L’enfant ainsi spolié risque déjà de s’endormir, en s’enfonçant dans un désintérêt de plus en plus grand, même le QI baisse, comme j’ai pu le constater en examinant à nouveau des enfants qu’on avait dû laisser dans leur inconfort scolaire.

Chez l’adulte, ce lent enlisement a entraîné une attitude constamment distante, les événements perdent leur intensité, il lui semble qu’il est obligé de se forcer pour paraître vif, alerte, dynamique, lui dont la vivacité d’esprit peut être fulgurante et la logique d’une éblouissante clarté. Malaise, deuil, renoncement et surtout culpabilité se fondent dans un engourdissement qui l’apaise un peu. C’est la culpabilité qui le tourmente le plus douloureusement : vis-à-vis de lui-même, qui a trahi l’enfant passionné, mené par ses rêves vertigineux et vis-à-vis de l’entourage, déçu de voir s’éteindre si tôt des qualités qui paraissaient si prometteuses.

Il convient de rappeler qu’on ne sait jamais qu’on est intelligent ; les problèmes où d’autres se noient paraissent d’une grande simplicité, il n’y a donc aucun mérite à les résoudre, puisque ce n’est pas difficile ; si les autres peinent, ils doivent avoir de bonnes excuses, ils ont été distraits, préoccupés, peu intéressés, mais certainement pas défaillants sur le plan intellectuel, face à une si minime difficulté. On ne peut pas se penser intelligent, quand on mesure ses propres faiblesses avec la lucidité aiguë du sur-doué, qui ne lui permet aucun aveuglement. L’exercice de l’intelligence est si aisé, il s’agit presque d’un jeu, alors où est le mérite et d’où vient que les autres soient tout à coup si lents ?

Quand des parents, venus consulter pour leur enfant, entendent le portrait qui en est fait, ils se reconnaissent souvent ; ils disent, dans un éclair de joie subite : « Mais j’étais comme ça, moi !« , une clef leur est donnée, sans qu’ils s’y attendent, qui leur permet de mieux comprendre leur parcours et de se réconcilier avec eux-mêmes. Depuis longtemps, ils avaient pris leur parti de cet inconfort latent, impossible à décrire, à cerner, auquel on finit par s’accoutumer, parce qu’on n’a pas le choix et qu’il n’y a pas de remède connu.
Cette porte entrouverte peut laisser passer quelques lueurs d’espoir : l’enfant meurtri, dont il reconnaît la description, n’était pas un être à part, un « mutant » qui devait s’efforcer de cacher les manifestations de sa personnalité si particulière.

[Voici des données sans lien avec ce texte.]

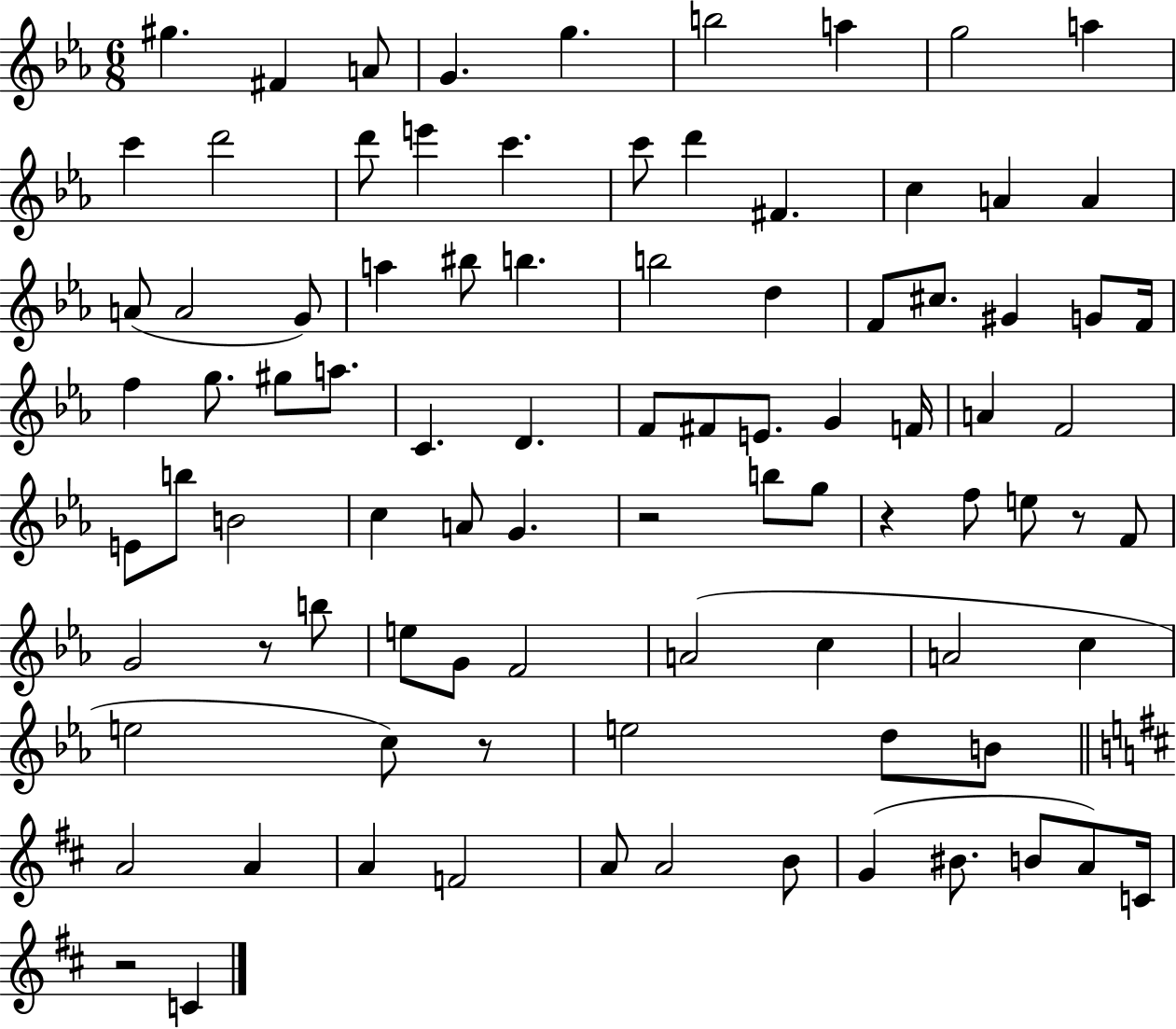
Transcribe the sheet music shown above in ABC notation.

X:1
T:Untitled
M:6/8
L:1/4
K:Eb
^g ^F A/2 G g b2 a g2 a c' d'2 d'/2 e' c' c'/2 d' ^F c A A A/2 A2 G/2 a ^b/2 b b2 d F/2 ^c/2 ^G G/2 F/4 f g/2 ^g/2 a/2 C D F/2 ^F/2 E/2 G F/4 A F2 E/2 b/2 B2 c A/2 G z2 b/2 g/2 z f/2 e/2 z/2 F/2 G2 z/2 b/2 e/2 G/2 F2 A2 c A2 c e2 c/2 z/2 e2 d/2 B/2 A2 A A F2 A/2 A2 B/2 G ^B/2 B/2 A/2 C/4 z2 C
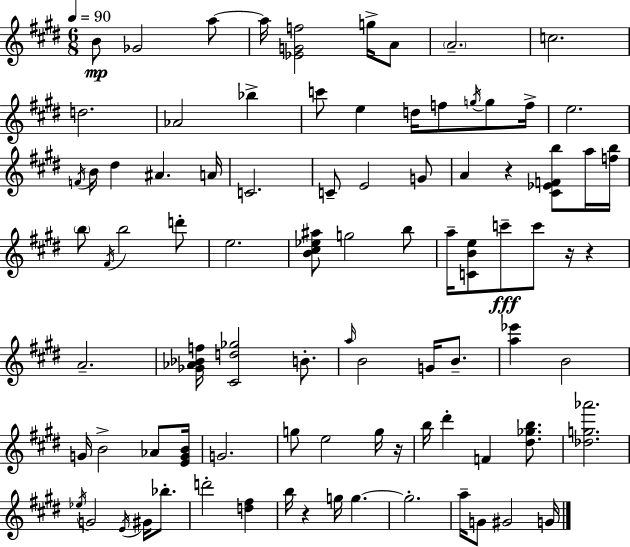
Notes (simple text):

B4/e Gb4/h A5/e A5/s [Eb4,G4,F5]/h G5/s A4/e A4/h. C5/h. D5/h. Ab4/h Bb5/q C6/e E5/q D5/s F5/e G5/s G5/e F5/s E5/h. F4/s B4/s D#5/q A#4/q. A4/s C4/h. C4/e E4/h G4/e A4/q R/q [C#4,Eb4,F4,B5]/e A5/s [F5,B5]/s B5/e F#4/s B5/h D6/e E5/h. [B4,C#5,Eb5,A#5]/e G5/h B5/e A5/s [C4,B4,E5]/e C6/e C6/e R/s R/q A4/h. [Gb4,Ab4,Bb4,F5]/s [C#4,D5,Gb5]/h B4/e. A5/s B4/h G4/s B4/e. [A5,Eb6]/q B4/h G4/s B4/h Ab4/e [E4,G4,B4]/s G4/h. G5/e E5/h G5/s R/s B5/s D#6/q F4/q [D#5,Gb5,B5]/e. [Db5,G5,Ab6]/h. Eb5/s G4/h E4/s G#4/s Bb5/e. D6/h [D5,F#5]/q B5/s R/q G5/s G5/q. G5/h. A5/s G4/e G#4/h G4/s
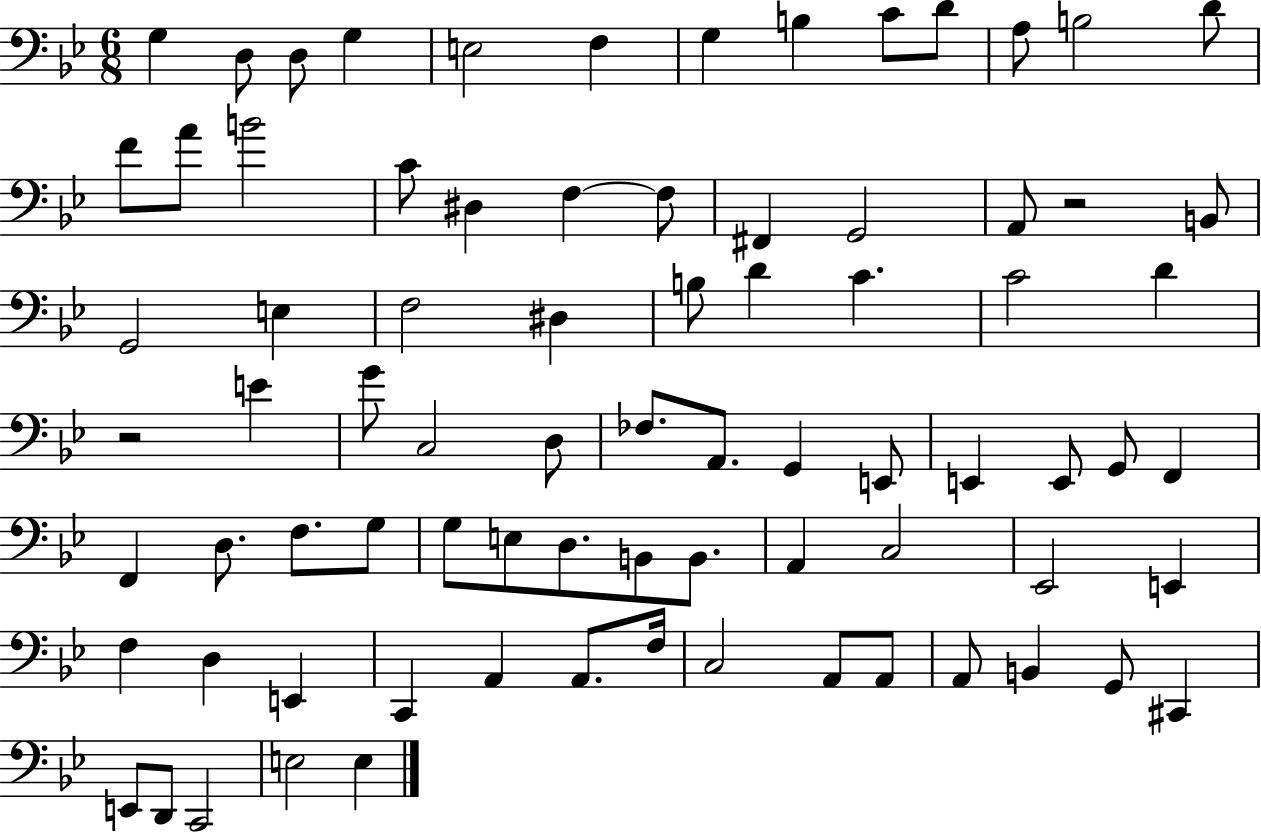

Il retrouve une nouvelle énergie, il s’écoute davantage, il se permet d’exprimer ses sentiments et parfois aussi la passion qu’il avait si soigneusement refoulée tout au fond de lui et qu’il peut maintenant s’appliquer à satisfaire. L’enfant doué est toujours passionné, mais il a souvent très tôt enfoui ses élans, parce qu’ils auraient été mal compris. Quand la passion s’exprime, tout un pan de la personnalité s’éclaire et cet accomplissement est un bonheur véritable. Ce peuvent être des passions modestes, satisfaites à peu de frais : chercher des champignons et trouver les plus rares, ramasser des pierres aux noms compliqués et enchanteurs, écouter les oiseaux et identifier le moindre de leurs cris … Quand parents et enfants se retrouvent sur un terrain aussi précis, permettant des explorations enrichissantes, les relations connaissent une embellie satisfaisante.

Il arrive aussi que la révélation de son intelligence incite un adulte malmené à reprendre ses études ; il manifeste enfin l’appétit de savoir qu’il avait refoulé jusque là et il trouve un équilibre qui lui fait prendre la mesure de son inconfort, devenu habituel.

Le cas le plus dramatique, et malheureusement le plus fréquent, est bien celui de l’enfant doué qui a été en échec scolaire et qui n’a jamais pu remonter la pente.
Cet échec vient insidieusement durant le parcours scolaire classique de l’enfant doué : dans le Primaire il n’a pas eu besoin de travailler, il écoute à peine la maîtresse, qui a dû répéter dix fois la même chose, il lui suffit d’une seule fois pour comprendre la leçon et pour la retenir, il lit ses livres à toute vitesse et sa mémoire, qui fonctionne à la perfection, lui permet de répéter mot à mot une leçon juste parcourue. Il ne cherche pas à être le premier, il lui suffit de se maintenir à un niveau de réussite satisfaisant, sans fournir le moindre effort.
Abusé par sa facilité, l’enfant doué ne voit pas venir les premières difficultés : dès la 6ème, des failles apparaissent, mais on les pense accidentelles et on ne cherche pas à aider cet enfant brillant, en 5ème, les failles s’élargissent et en 4ème, c’est l’effondrement. Pour éviter cette chute dramatique, il faut donner à l’enfant des méthodes de travail dès les premiers signes de désarroi. L’optimisme n’est pas de mise en pareil cas.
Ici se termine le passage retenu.